On 07/30/2012 06:05 PM, Josh Durgin wrote:
> On 07/26/2012 12:12 PM, Alex Elder wrote:
>> There is a bug in the way __rbd_init_snaps_header() handles newly-
>> discovered snapshots, in the unusual case where the new snapshot id
>> is less than an existing rbd snapshot id.
>>
>>
>> When a new snapshot for an rbd image is created it is assigned a new
>> snapshot id. The client requests the id from a monitor, and later
>> updates the osds with information about the snapshot. The sequence
>> of snapshot ids is monotonically increasing, which guarantees each
>> is unique. And typically all new snapshots will have higher ids
>> than any others a client has encountered.
>>
>> Because of the delay between getting assigned a snapshot id and
>> recording the snapshot, there is a possible race between two clients
>> requesting new snapshots on the same rbd image. It's possible in
>> this case for the client granted a higher id to be the first to
>> update the set of snapshots for the rbd image. This leaves a sort
>> of gap in the set of snapshots until the other client's update gets
>> recorded.
>>
>> This is an unlikely scenario, but it appears to be possible. I'm
>> not sure whether we even support multiple concurrent clients for the
>> same rbd image. However there is code in place to handle this case
>> and it's wrong, so it needs to be fixed.
>
> To fully handle this race, we'd need to sort the snapshot context and
> set its seq to the maximum id, instead of the lower id set by the race.
I had assumed both of these were true. In fact, I was under the
impression that the value of "seq" was precisely that--the maximum
snapshot id issued for this rbd image by the server.

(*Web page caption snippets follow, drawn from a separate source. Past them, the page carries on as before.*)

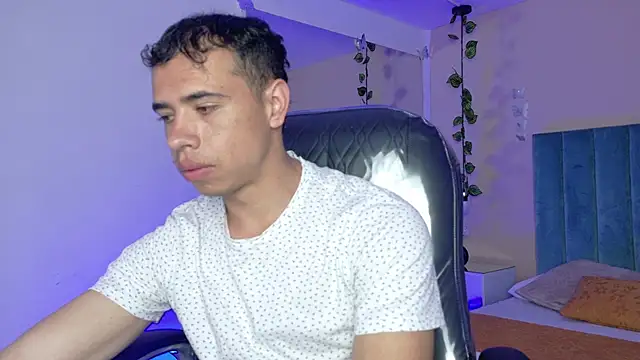 Muscle Scott online show from March 22, 2:31 pm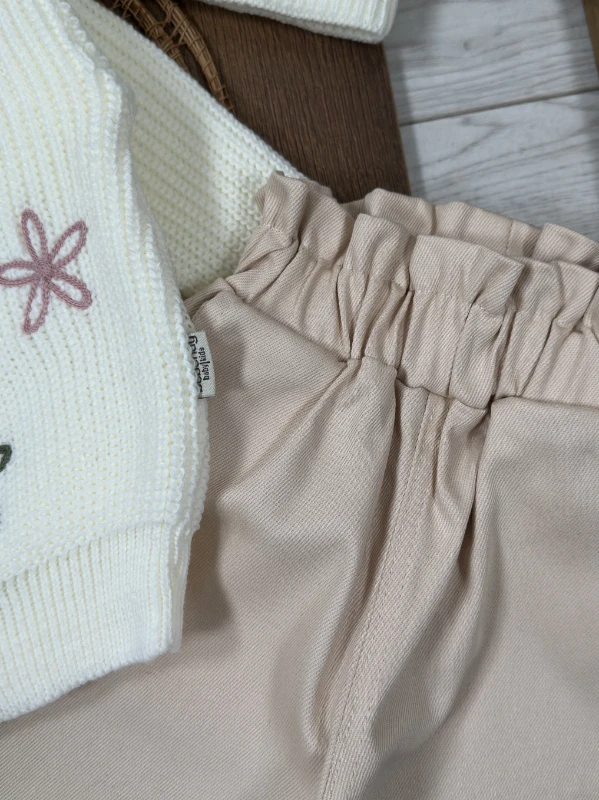 Triko Kazak Çiçek Nakışlı Bereli Likralı Gabardin Pantolon 3lü Kız Bebek/Çocuk Takım - BEJ
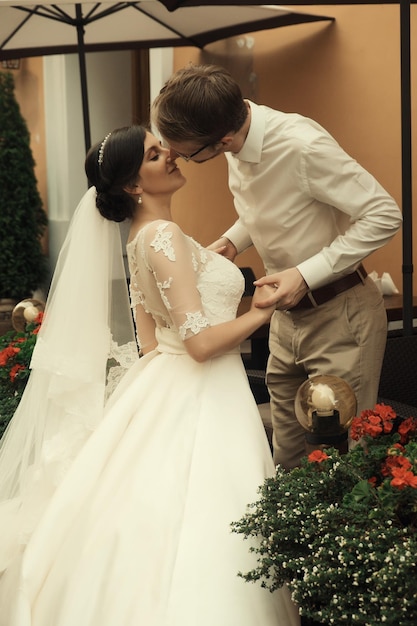 Joven pareja romántica celebrando su matrimonio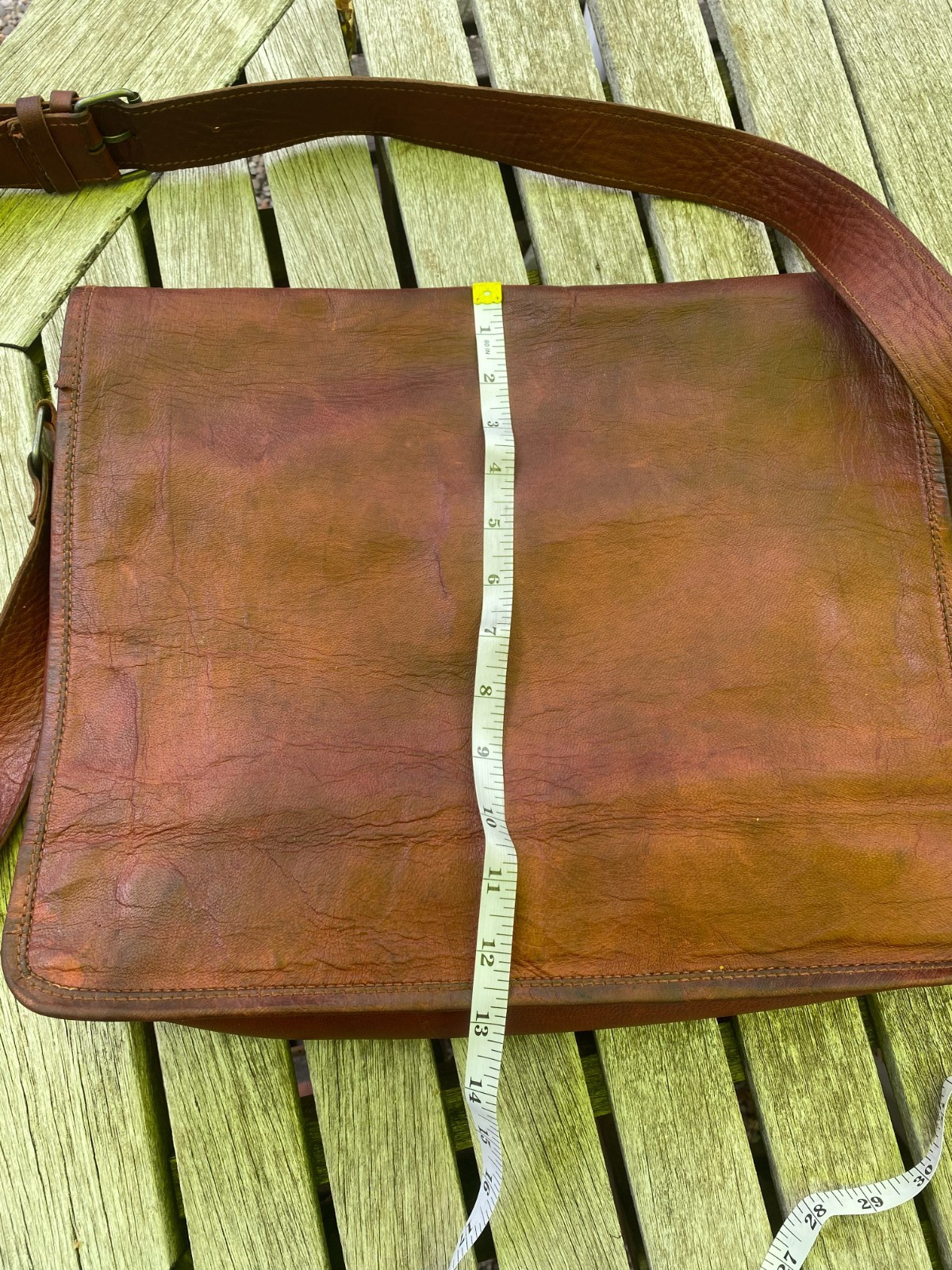 Vtg Cognac Leather Messenger Bag Padded Laptop Briefcase Green Lining Crossbody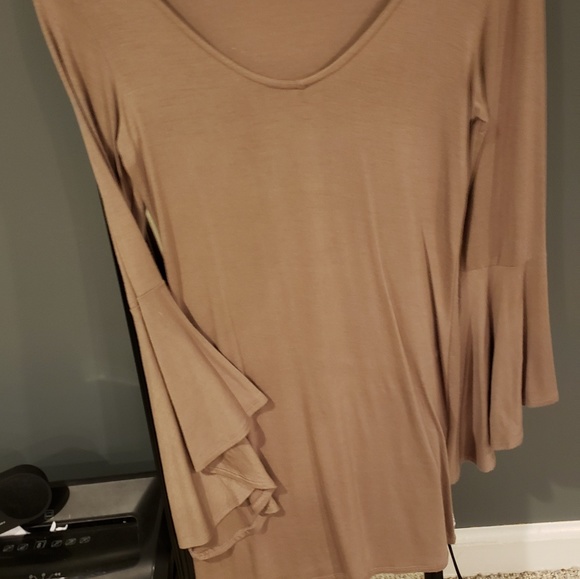 Clothes - Picture 7 of 8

> If we don't do this, the race makes the image unwritable since the
> non-sorted snapshot context would be rejected by the osds.

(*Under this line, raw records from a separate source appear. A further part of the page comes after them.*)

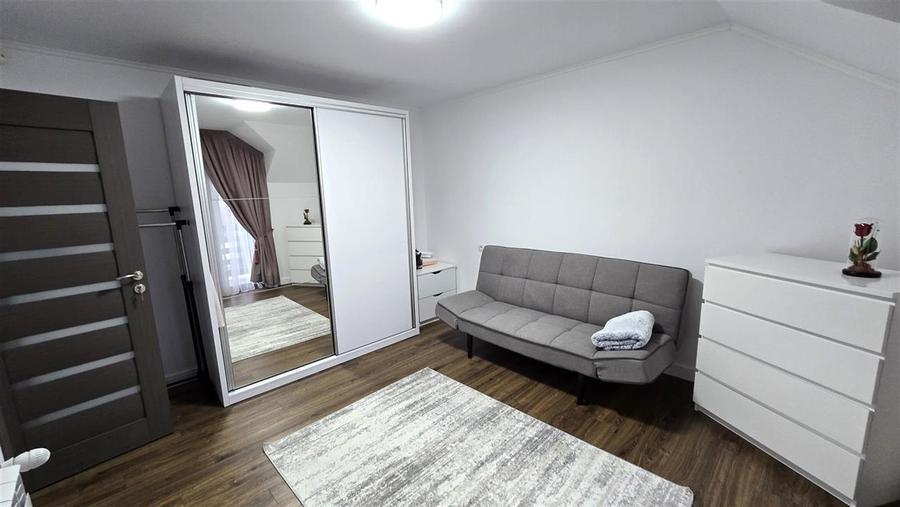 Casă individuală cu 4 camere cu Teren 1000 Mp în Mitocu Dragomirnei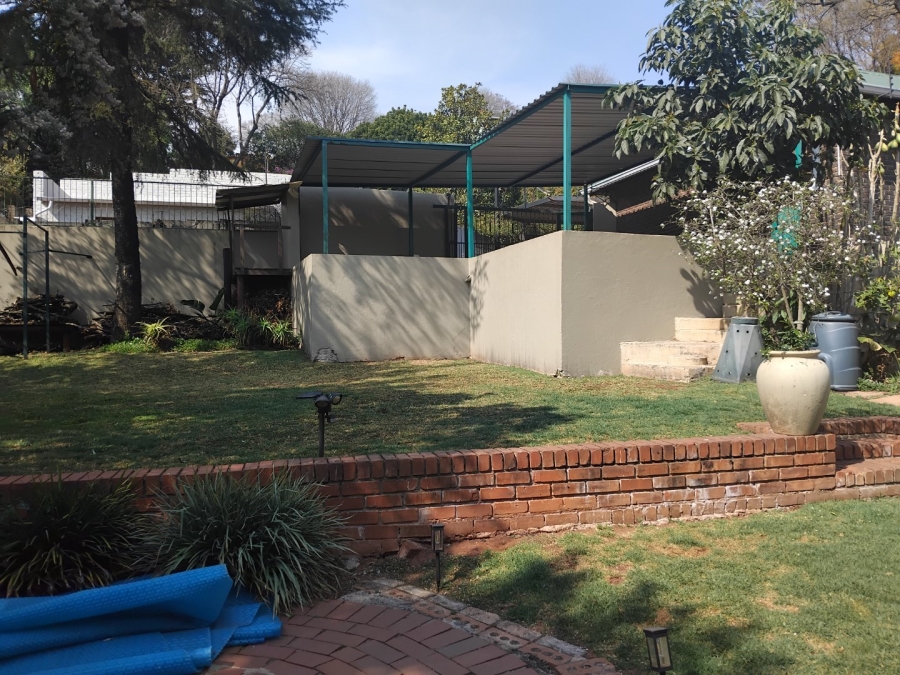 6 Bedroom Property for Sale in Kensington Gauteng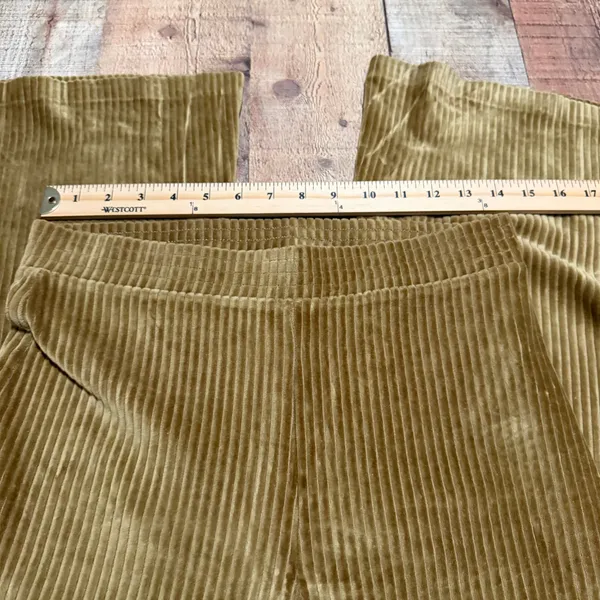 Aerie Women's Brown Gold Corduroy Hi-Rise Groove-On Flare Pants Sz M Lounge Boho - Image 4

Looking at the kernel client only (which was how I found this bug,
via inspection), this code is still buggy and could cause a kernel
fault if it were to be hit.
The risk is low right now, though. So I'll just set this patch
aside now until we can get a chance to discuss the best course
of action.
-Alex
> This would complicate things a bunch, so I'm not sure if we should
> try to handle this bug on the client side. I've got a fix to prevent
> it from happening in the first place, and as you said, it's rare,
> and requires you to be taking snapshots of the same image from multiple
> clients at once, which is generally not a good idea (that is, writing
> to the image from multiple clients).
>
>> The job of __rbd_init_snaps_header() is to compare an rbd's existing
>> list of snapshots to a new set, and remove any existing snapshots
>> that are not present in the new set and create any new ones not
>> present in the existing set.
>>
>> If any new snapshots exist after the entire list of existing ones
>> has been examined, all the new ones that remain need to be created.

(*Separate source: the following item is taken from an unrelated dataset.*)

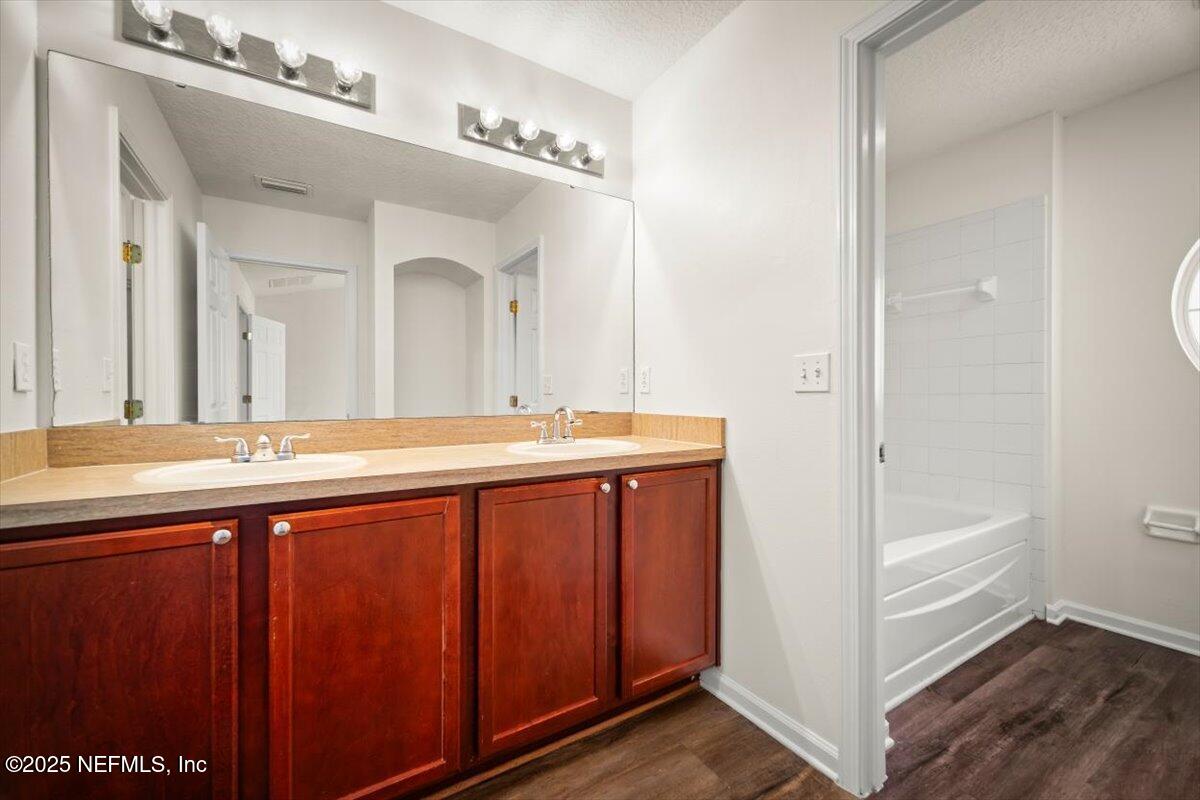 5260 Collins Road, Unit 1301 Jacksonville, FL 32244 - Photo 27 of 33 Master bath
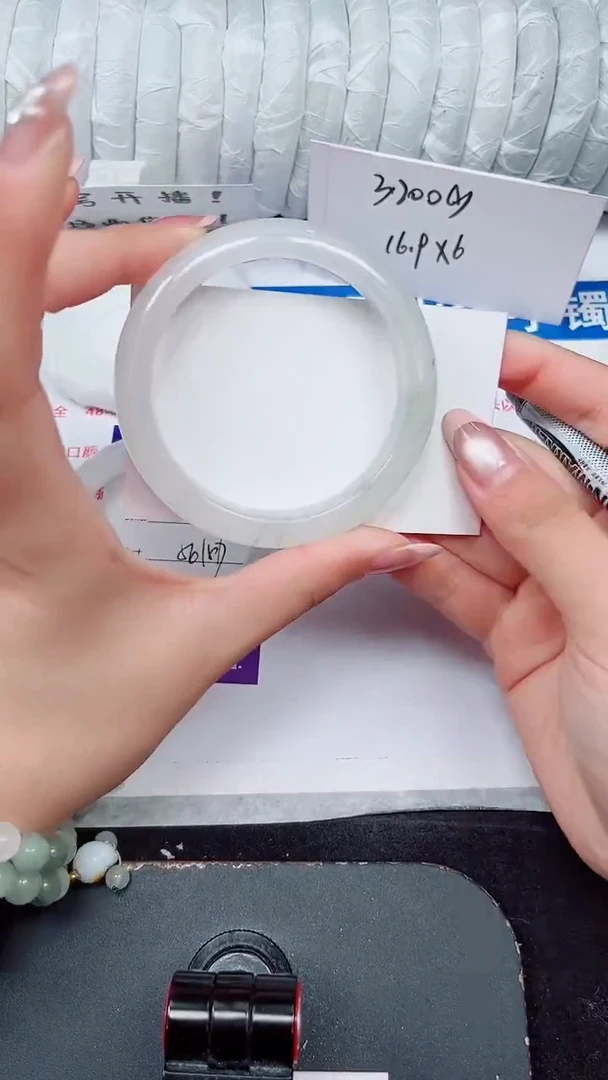 未镶嵌手镯石英质玉151-56/57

>> The logic for handling these last snapshots correct.
>>
>> However, if a new snapshot is found whose id is less than an
>> existing one, the logic for handling this is wrong. The basic
>> problem is that the name and current id used here are taken from
>> a place one position beyond where they should be. In the event
>> this block of code is executed the first pass through the outer
>> loop, for example, these values will refer to invalid memory.
>>
>> The fix is to make this block of code more closely match the
>> block that handles adding new snapshots at the end. There are
>> three differences:
>> - we use a do..while loop because we know we initially have an
>> entry to process.
>> - we insert the new entry at a position within the list instead
>> of at the beginning
>> - because we use it in the loop condition, we need to update
>> our notion of "current id" each pass through.
>>
>> Signed-off-by: Alex Elder <[email protected]>
>> ---
>> drivers/block/rbd.c | 55
>> +++++++++++++++++++++++++++++----------------------
>> 1 file changed, 31 insertions(+), 24 deletions(-)
>>
>> diff --git a/drivers/block/rbd.c b/drivers/block/rbd.c
>> index 71e3f3b..da09c0d 100644
>> --- a/drivers/block/rbd.c
>> +++ b/drivers/block/rbd.c
>> @@ -2090,13 +2090,14 @@ static int __rbd_init_snaps_header(struct
>> rbd_device *rbd_dev)
>> {
>> const char *name, *first_name;
>> int i = rbd_dev->header.total_snaps;
>> - struct rbd_snap *snap, *old_snap = NULL;
>> + struct rbd_snap *snap;
>> struct list_head *p, *n;
>>
>> first_name = rbd_dev->header.snap_names;
>> name = first_name + rbd_dev->header.snap_names_len;
>>
>> list_for_each_prev_safe(p, n, &rbd_dev->snaps) {
>> + struct rbd_snap *old_snap;
>> u64 cur_id;
>>
>> old_snap = list_entry(p, struct rbd_snap, node);
>> @@ -2104,12 +2105,16 @@ static int __rbd_init_snaps_header(struct
>> rbd_device *rbd_dev)
>> if (i)
>> cur_id = rbd_dev->header.snapc->snaps[i - 1];
>>
>> + /*
>> + * If old id is not present in the new context, or
>> + * if there are no more snapshots in the new
>> + * context, this snapshot should be removed.
>> + */
>> if (!i || old_snap->id < cur_id) {
>> /*
>> - * old_snap->id was skipped, thus was
>> - * removed. If this rbd_dev is mapped to
>> - * the removed snapshot, record that it no
>> - * longer exists, to prevent further I/O.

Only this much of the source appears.